■ **WHAT THE TASK REQUIRES**: All entries below must be retyped exactly, though pictures are to be skipped.

■ **MATERIAL SUPPLIED**:
★ ★ ★ ★ ★ ★ ★
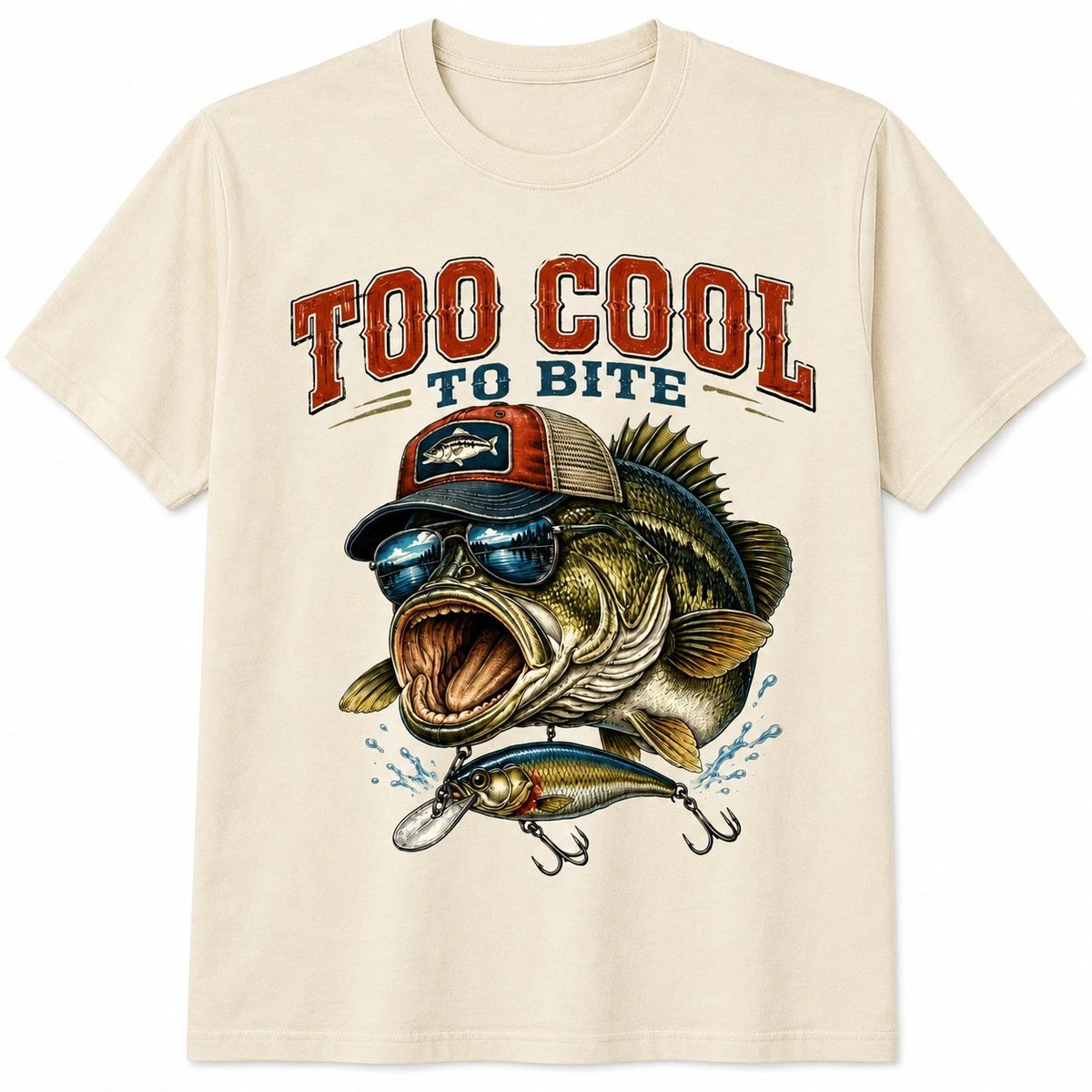 Too Cool To Bite Bass Fishing Shirt Funny Fisherman Vintage Fish T-Shirt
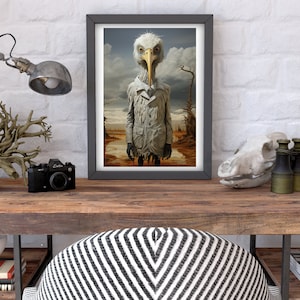Surreal Bird Digital Wall Art Print Modern Home Decor Surrealist print Portrait Digital print printable surrealism wall art bird art print
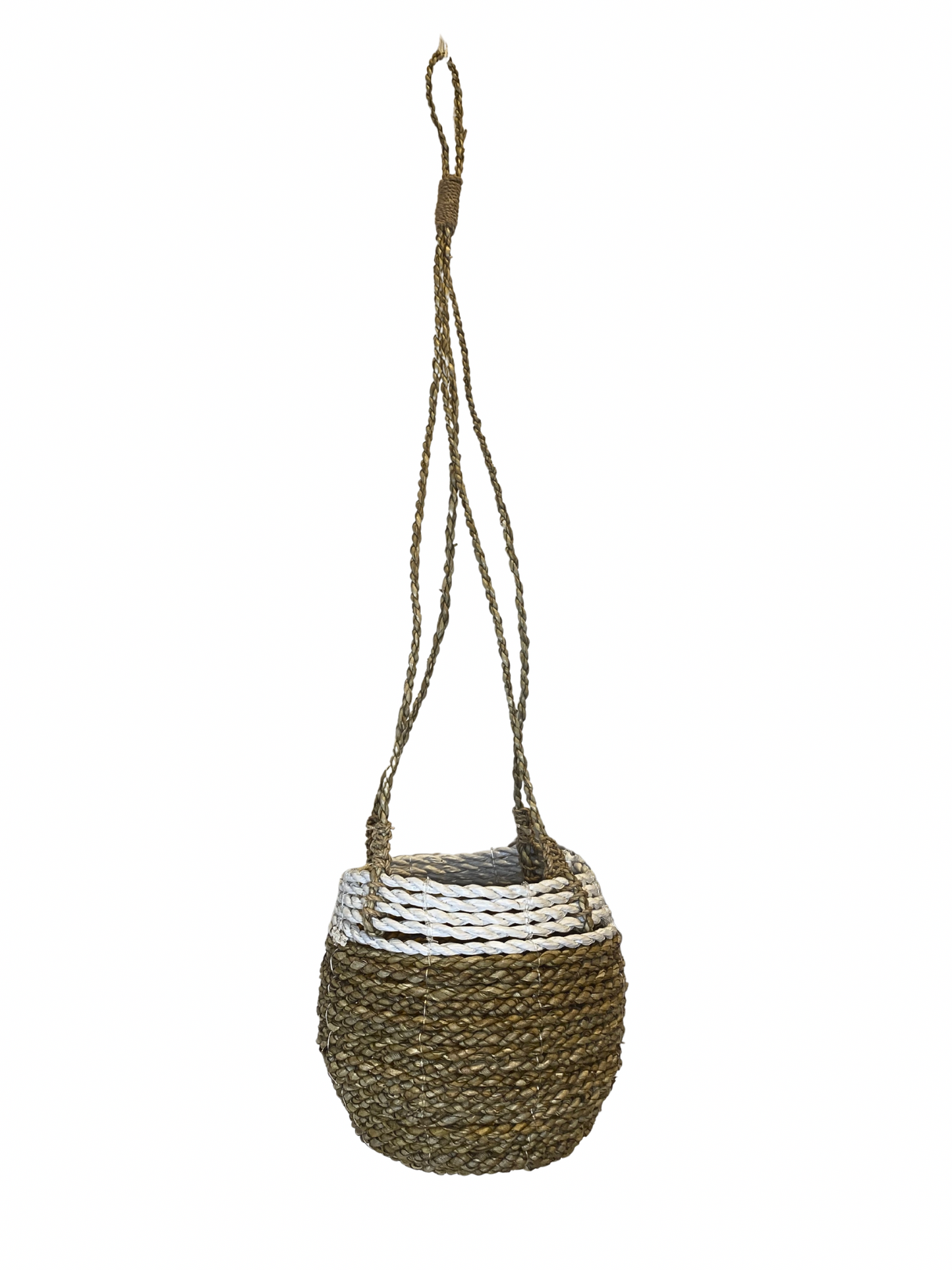 Basket hanger white with natural colour - 64cm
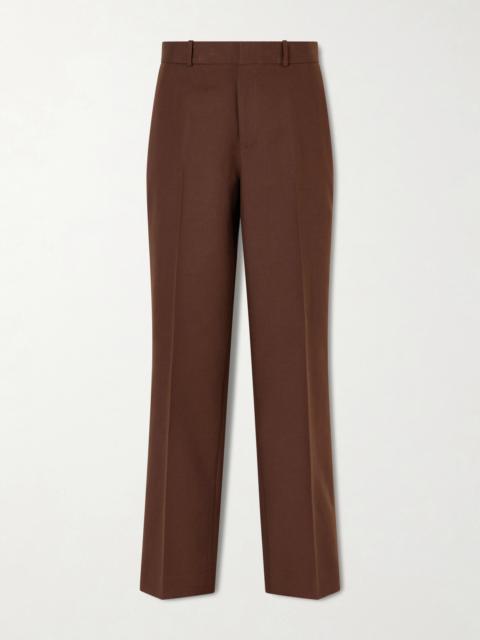 Polo Ralph Lauren Pleated Cotton And Wool-blend Twill Straight-leg Pants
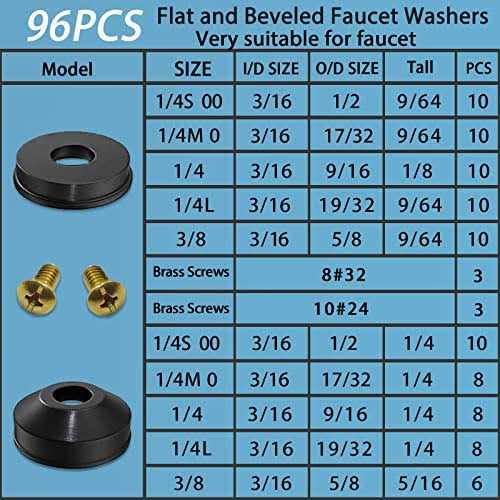 Xbvv 106 Pcs Faucet Washer Assortment Kit with Assorted Flat and Beveled Rubber Washers for Outdoor Garden Faucet Stem Leak Worn Replacement Repair - Inhomebuy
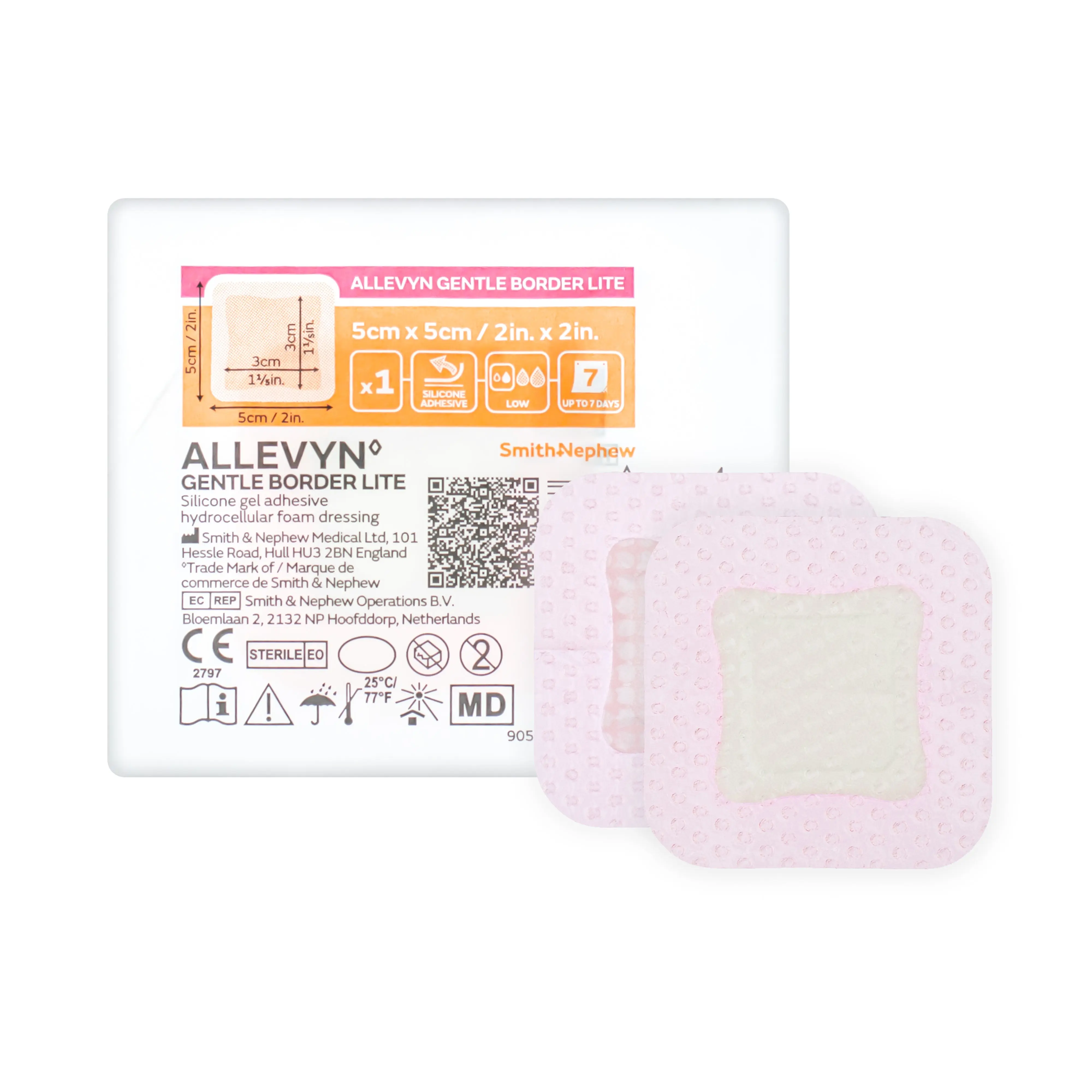 Allevyn Gentle Border Lite Dressing - Silicone Adhesive (Multiple Sizes) (x1 or 10)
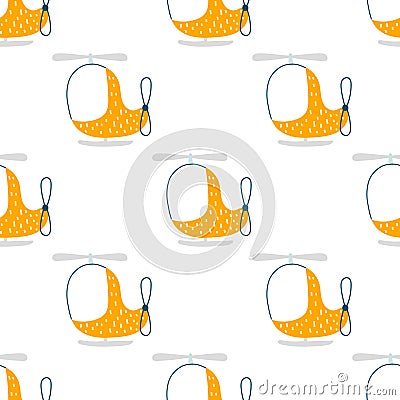 Vector hand-drawn seamless childish pattern with cute flying helicopters on a white background. Kids texture for fabric Vector Illustration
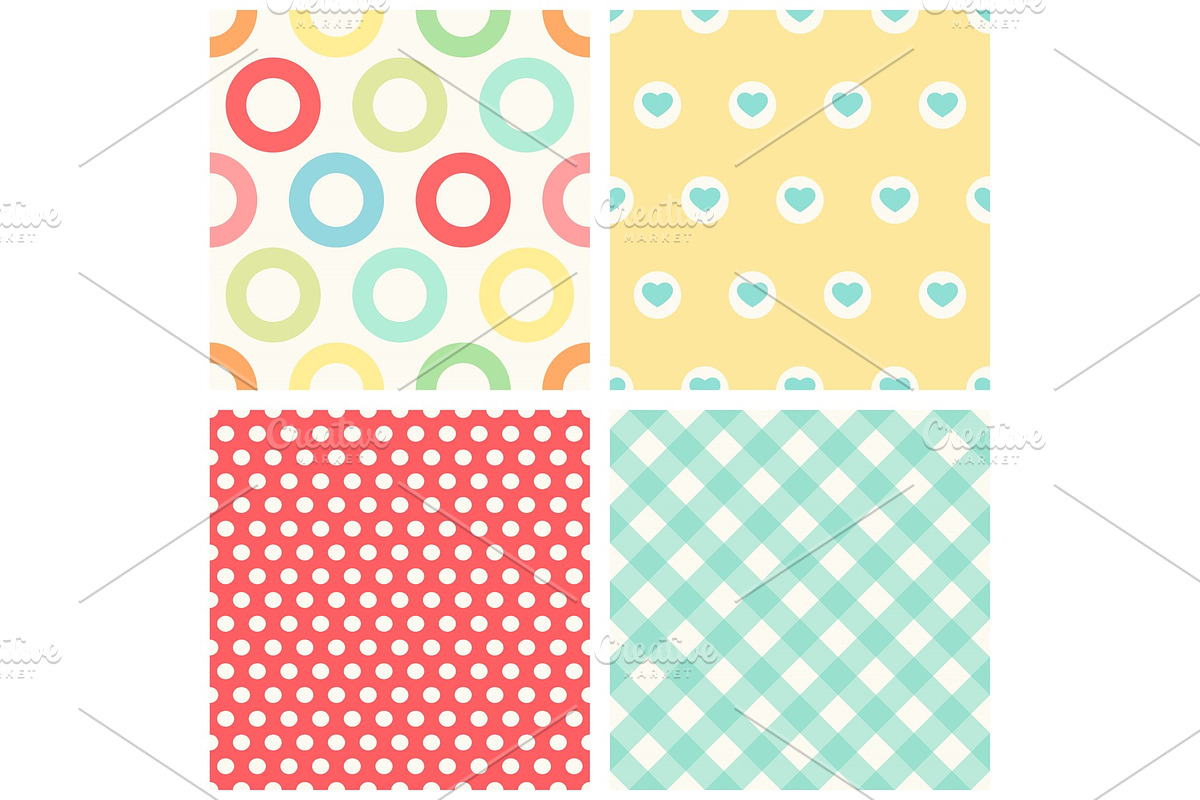Set of four primitive seamless retro patterns in Textures - product preview 8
★ ★ ★ ★ ★ ★ ★
■ **EXERCISE ANSWER**:
 Too Cool To Bite Bass Fishing Shirt Funny Fisherman Vintage Fish T-Shirt
Surreal Bird Digital Wall Art Print Modern Home Decor Surrealist print Portrait Digital print printable surrealism wall art bird art print
 Basket hanger white with natural colour - 64cm
 Polo Ralph Lauren Pleated Cotton And Wool-blend Twill Straight-leg Pants
 Xbvv 106 Pcs Faucet Washer Assortment Kit with Assorted Flat and Beveled Rubber Washers for Outdoor Garden Faucet Stem Leak Worn Replacement Repair - Inhomebuy
 Allevyn Gentle Border Lite Dressing - Silicone Adhesive (Multiple Sizes) (x1 or 10)
 Vector hand-drawn seamless childish pattern with cute flying helicopters on a white background. Kids texture for fabric Vector Illustration
Set of four primitive seamless retro patterns in Textures - product preview 8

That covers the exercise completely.